ABOUT THIS TASK:
Consider the listing below. Extract exactly the lines from the line containing "1 bedroom, iron/ironing" to the line containing "Nike 🔥nike airmax", both included.

INPUT MATERIAL:
________________________________________
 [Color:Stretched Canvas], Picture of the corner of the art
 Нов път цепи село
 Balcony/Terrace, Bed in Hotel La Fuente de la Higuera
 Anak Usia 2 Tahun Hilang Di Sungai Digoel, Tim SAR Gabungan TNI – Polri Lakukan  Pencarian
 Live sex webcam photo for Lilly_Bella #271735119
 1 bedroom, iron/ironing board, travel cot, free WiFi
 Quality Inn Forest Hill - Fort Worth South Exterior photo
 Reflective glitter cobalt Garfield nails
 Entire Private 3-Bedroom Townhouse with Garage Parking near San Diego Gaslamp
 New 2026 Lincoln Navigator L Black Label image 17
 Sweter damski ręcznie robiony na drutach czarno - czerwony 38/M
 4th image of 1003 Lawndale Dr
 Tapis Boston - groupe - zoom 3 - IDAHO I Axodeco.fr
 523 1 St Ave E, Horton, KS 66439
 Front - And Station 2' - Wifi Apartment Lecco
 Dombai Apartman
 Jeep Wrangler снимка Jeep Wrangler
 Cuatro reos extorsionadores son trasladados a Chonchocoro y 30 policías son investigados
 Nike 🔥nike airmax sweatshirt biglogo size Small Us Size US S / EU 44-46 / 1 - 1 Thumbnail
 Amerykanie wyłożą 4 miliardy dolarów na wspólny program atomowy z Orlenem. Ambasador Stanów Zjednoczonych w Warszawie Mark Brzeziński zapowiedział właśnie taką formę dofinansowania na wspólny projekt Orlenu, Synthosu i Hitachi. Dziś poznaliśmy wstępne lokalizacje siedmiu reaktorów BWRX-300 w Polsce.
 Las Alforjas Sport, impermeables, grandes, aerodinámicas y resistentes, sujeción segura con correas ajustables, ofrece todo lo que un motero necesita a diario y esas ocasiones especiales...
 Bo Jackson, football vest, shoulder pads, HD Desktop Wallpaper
________________________________________
SOLUTION FOR THIS EXERCISE:
 1 bedroom, iron/ironing board, travel cot, free WiFi
 Quality Inn Forest Hill - Fort Worth South Exterior photo
 Reflective glitter cobalt Garfield nails
 Entire Private 3-Bedroom Townhouse with Garage Parking near San Diego Gaslamp
 New 2026 Lincoln Navigator L Black Label image 17
 Sweter damski ręcznie robiony na drutach czarno - czerwony 38/M
 4th image of 1003 Lawndale Dr
 Tapis Boston - groupe - zoom 3 - IDAHO I Axodeco.fr
 523 1 St Ave E, Horton, KS 66439
 Front - And Station 2' - Wifi Apartment Lecco
 Dombai Apartman
 Jeep Wrangler снимка Jeep Wrangler
 Cuatro reos extorsionadores son trasladados a Chonchocoro y 30 policías son investigados
 Nike 🔥nike airmax sweatshirt biglogo size Small Us Size US S / EU 44-46 / 1 - 1 Thumbnail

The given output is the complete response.